He knew she wasn’t destined to be a Witcher, but he knew no other way for a child to be raised. At least now she wouldn’t have to fear dying upon the sword of another. He would be there, to protect her always, but the training soothed him as much as it strengthened her.

But still the safety wasn’t enough. There was more. It was itching and burning its way through him, keeping him from sleep at night. Bringing him nightmares that he longed to have done away with. Nightmares that he had thought would never haunt his mind.

He ignored the footsteps, as silent as they were, as they whispered behind him. Vesemir was not threat to him.

“You’re shit at brooding,” Vesemir snapped, standing beside the younger Witcher and looking down into the training grounds, “I thought I taught you better than that.”

“I must have been sword training that day,” Geralt answered wryly.

Vesemir just snorted, and shook his head as he watched Ciri slip out of form. It was a shame that she was the only student here, if only to spare her from Vesemir’s sharp eyes. He was kind, in his way, as an instructor. But he was a Witcher instructor, and kindness was harsher than cruelty elsewhere.
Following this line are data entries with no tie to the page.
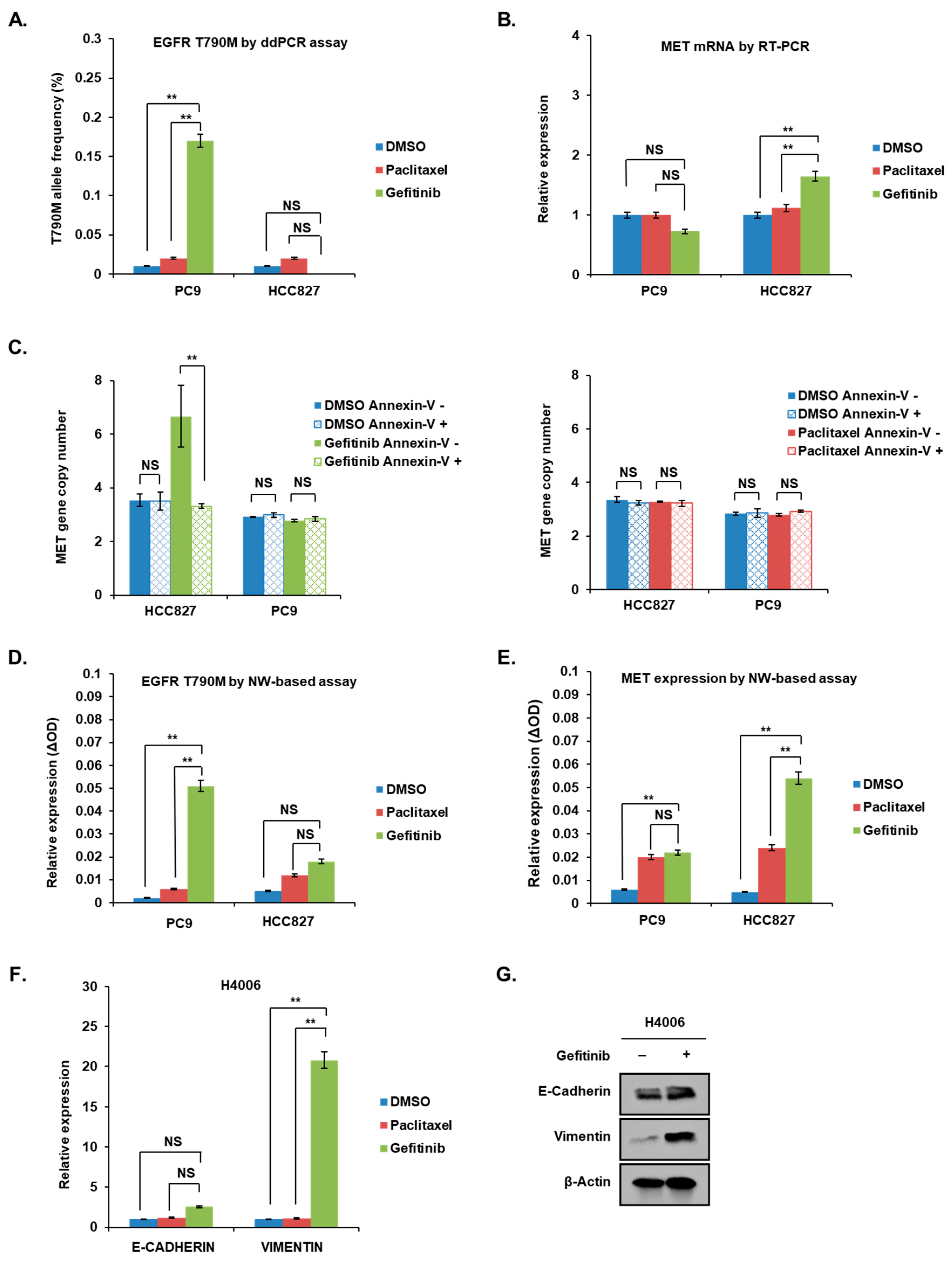 Cancers 14 01512 g003 550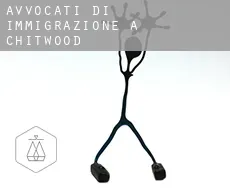 Avvocati di immigrazione a  Chitwood
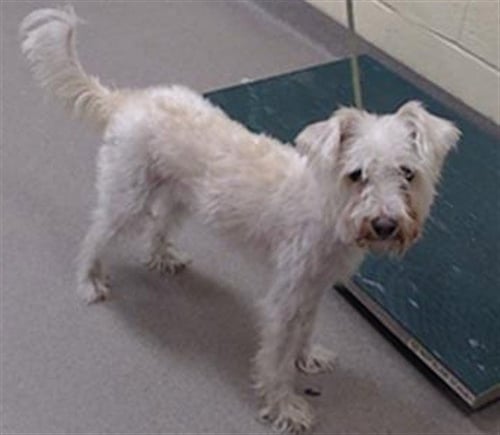 CHARLIE - Cairn Terrier / Miniature Schnauzer available for adoption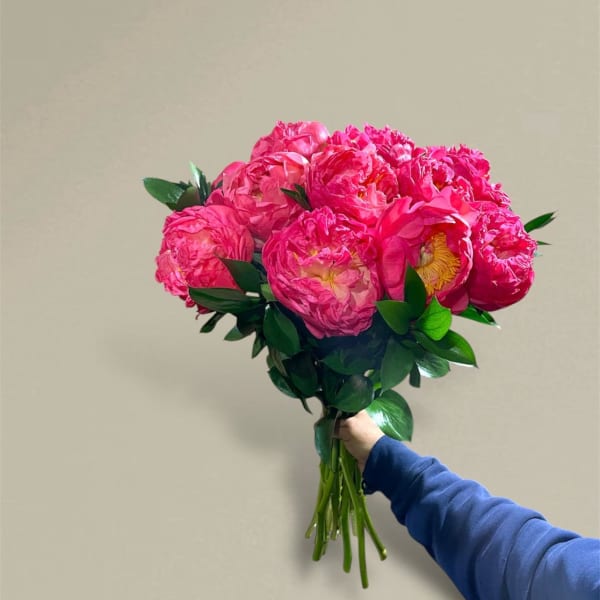 Handheld bouquet of bright pink peonies with green foliage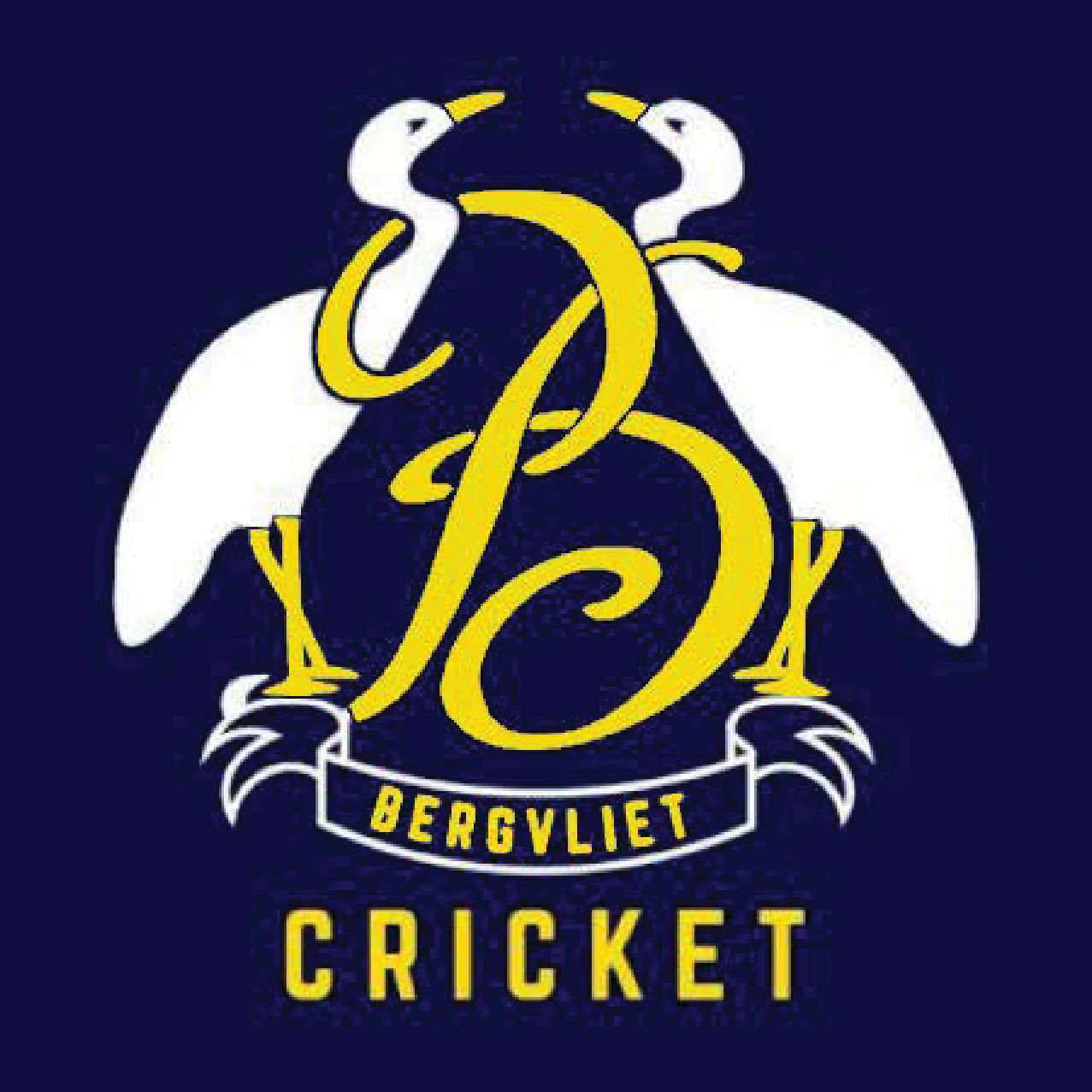 Bergvliet-logo-rgb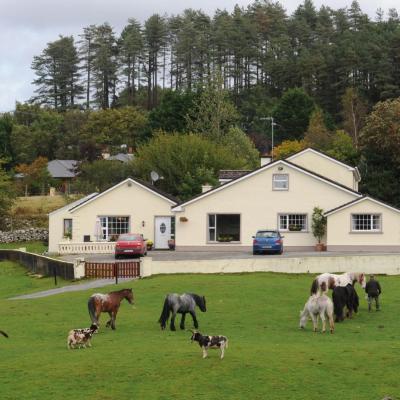 Muckross Riding Stables (Mangerton Rd, Muckross, Killarney, Co Kerry  Killarney)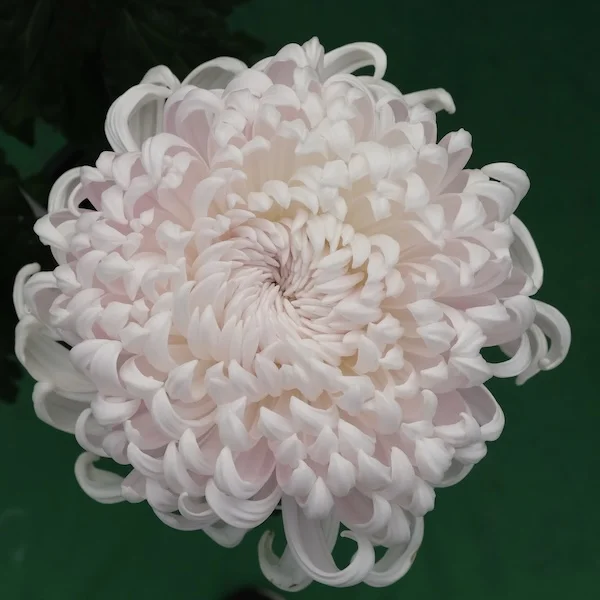 菊花3.webp
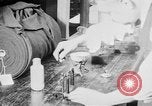 Immagine di Fabbrica di Indumento United States USA, 1920, secondo 24 filmato di repertorio 65675050983
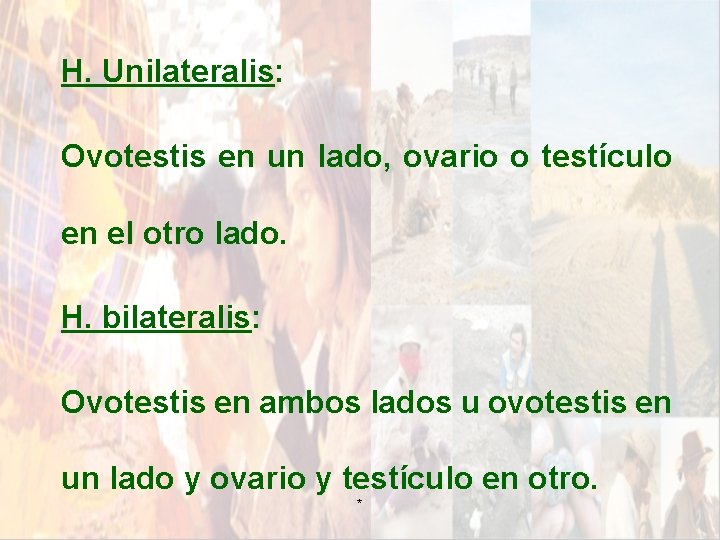 H. Unilateralis: Ovotestis en un lado, ovario o testículo en el otro lado. H. H. Unilateralis: Ovotestis en un lado, ovario o testículo en el otro lado. H.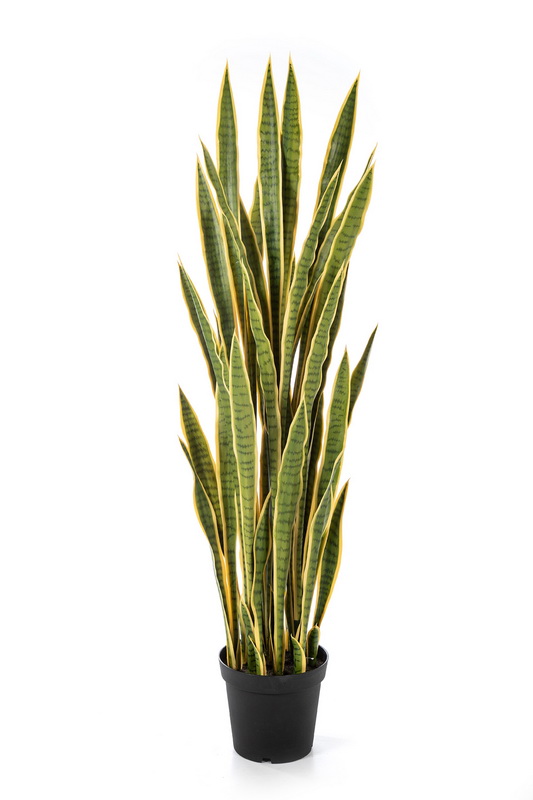 SANSEVERIA VARIEGATED S KVĚTINÁČEM, 150cm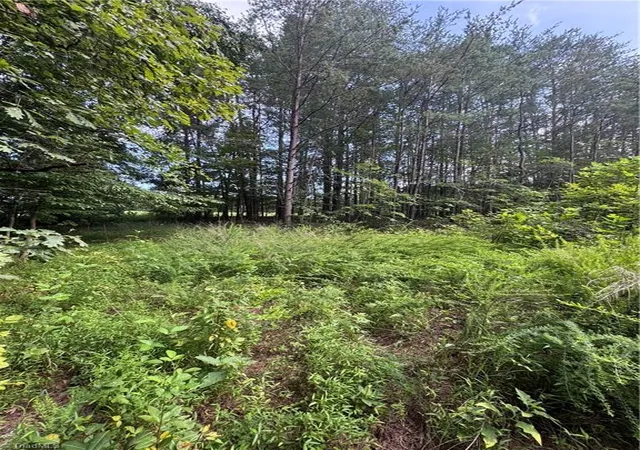 2nd image of 0 Johnson Rd, King, NC 27021 | MLS# 1230450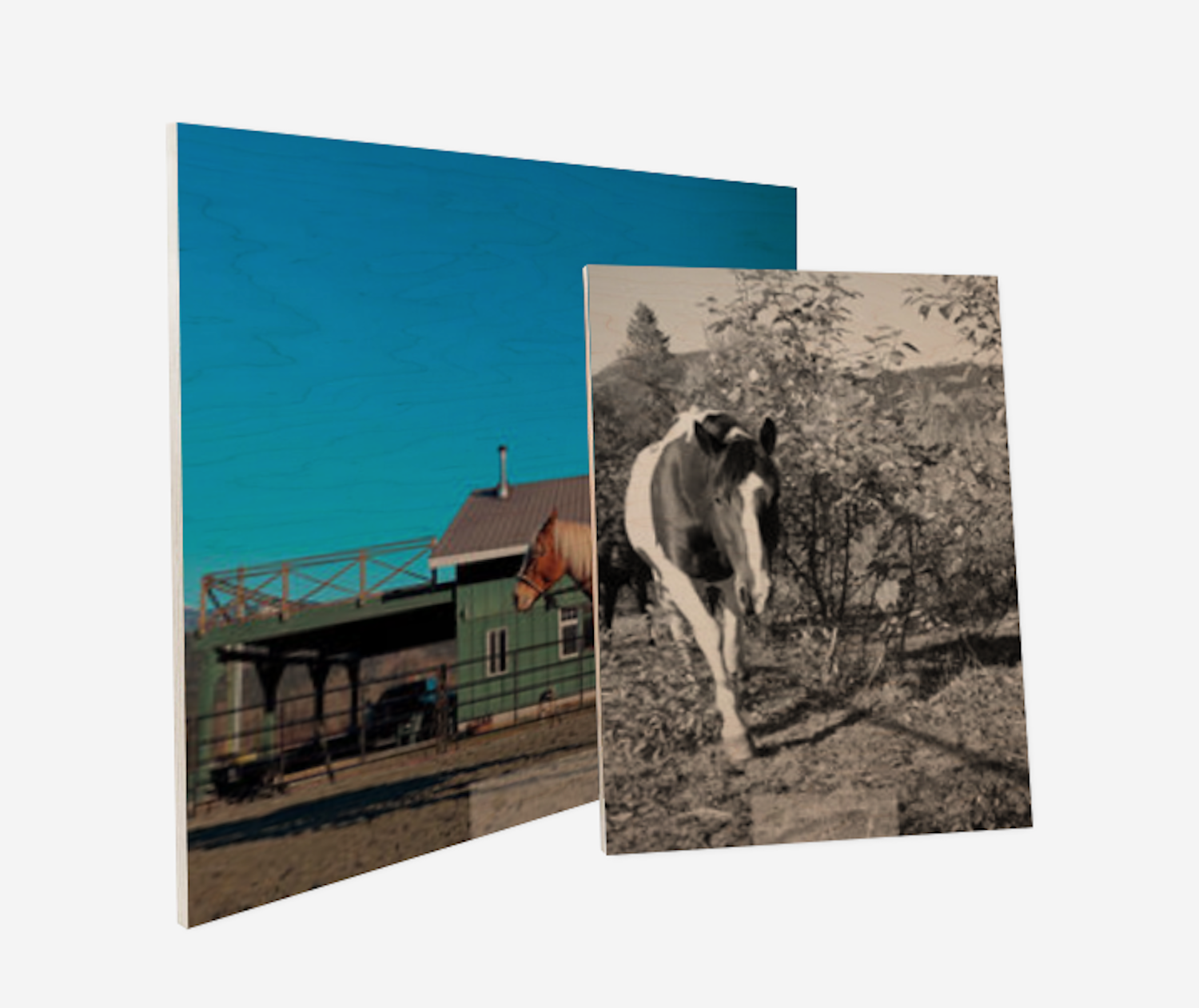 Wood Print Order Online Horse Photos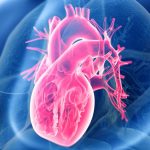 Giant Study Reveals The Secret to Heart Health, And It’s Not Low-Carb or Low-Fat : ScienceAlert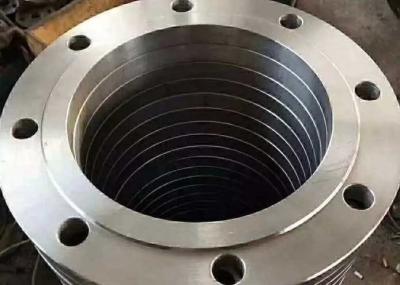 Sistema de apoio catalítico Hastelloy C4 de flange de solda plana de liga de níquel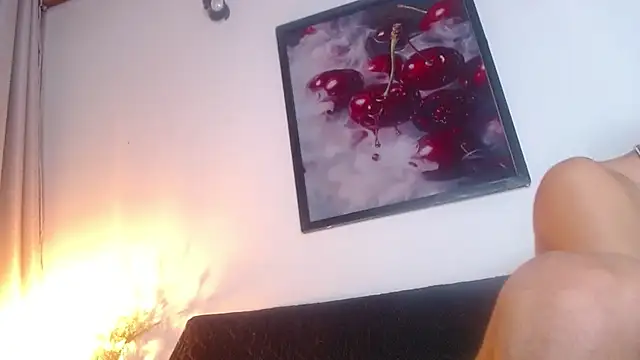 Jesve webcam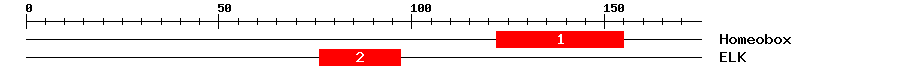Signature Domain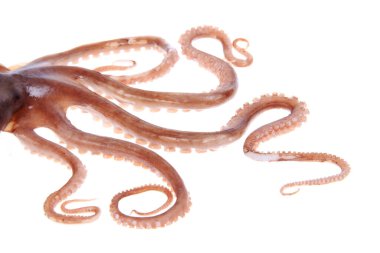 Ahtapot dokunaçları, yakın plan.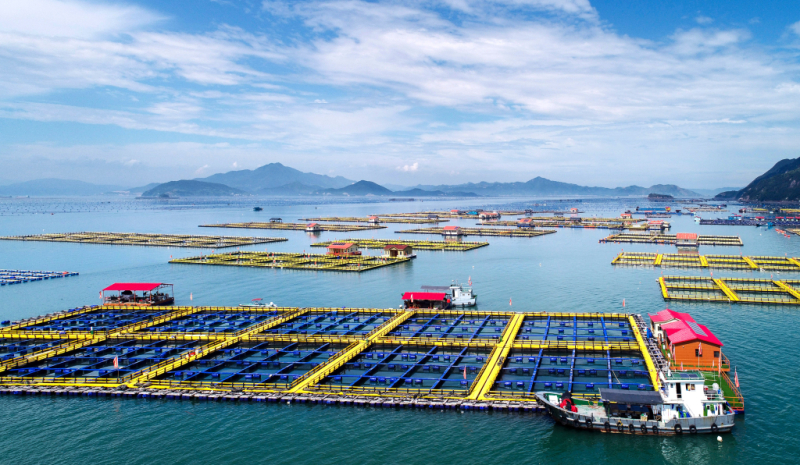 福建省海洋与渔业局召开2026年一季度“开门红”工作调度会议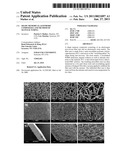 Shape Memory Elastomeric Composites and Method of Manufacturing diagram and image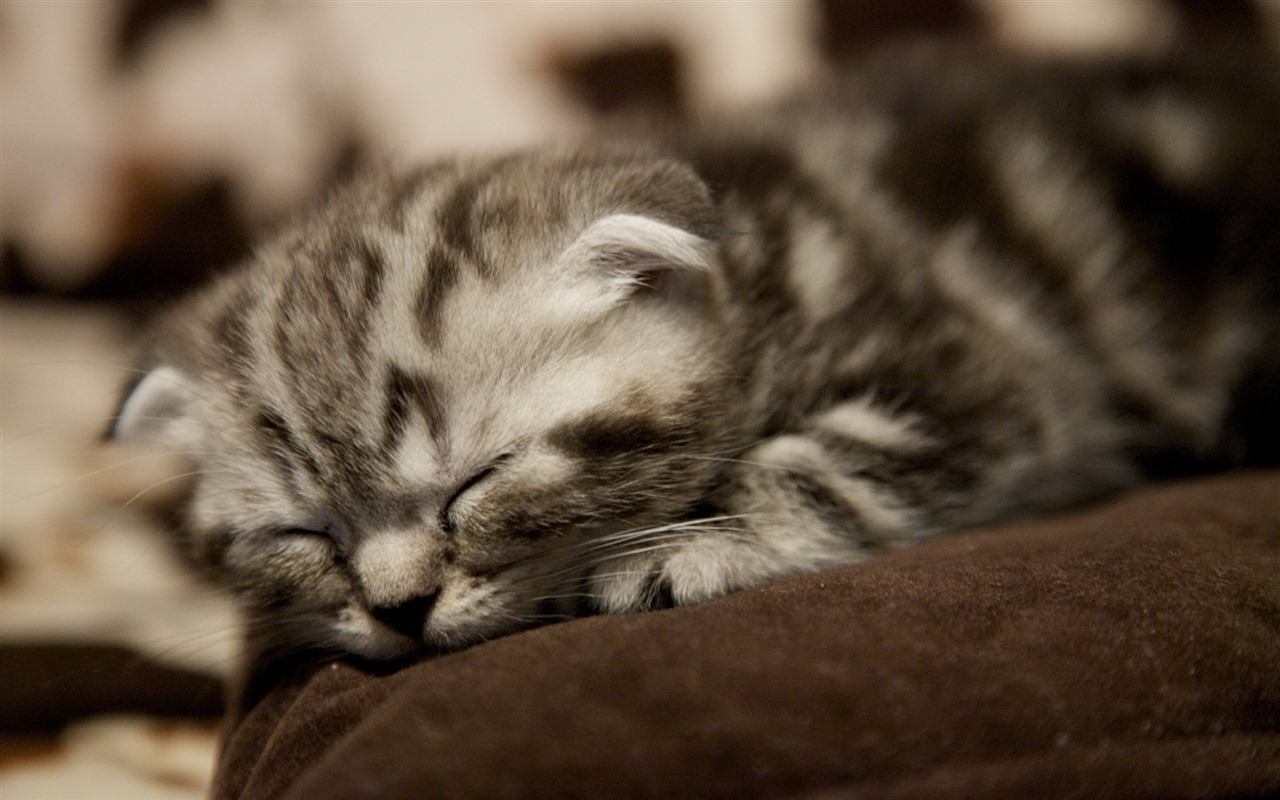 Roztomilé domácí zvířata, Scottish Fold kočka HD tapety na plochu #24 - 1280x800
“You remember what you were taught, after you survived your trials,” Vesemir said, and Geralt nodded.

He remembered every lesson. He made use of them, to the letter. He had lived while on the Path, while others, many others, had not. Geralt was the famous White Wolf, after all, the one that drunkards sang of in taverns.

Geralt bit his tongue at the memory of why people sang of him at all.

“You’re unbalanced,” Vesemir continued, “Haven’t been right since you returned. And it’s not because of her.”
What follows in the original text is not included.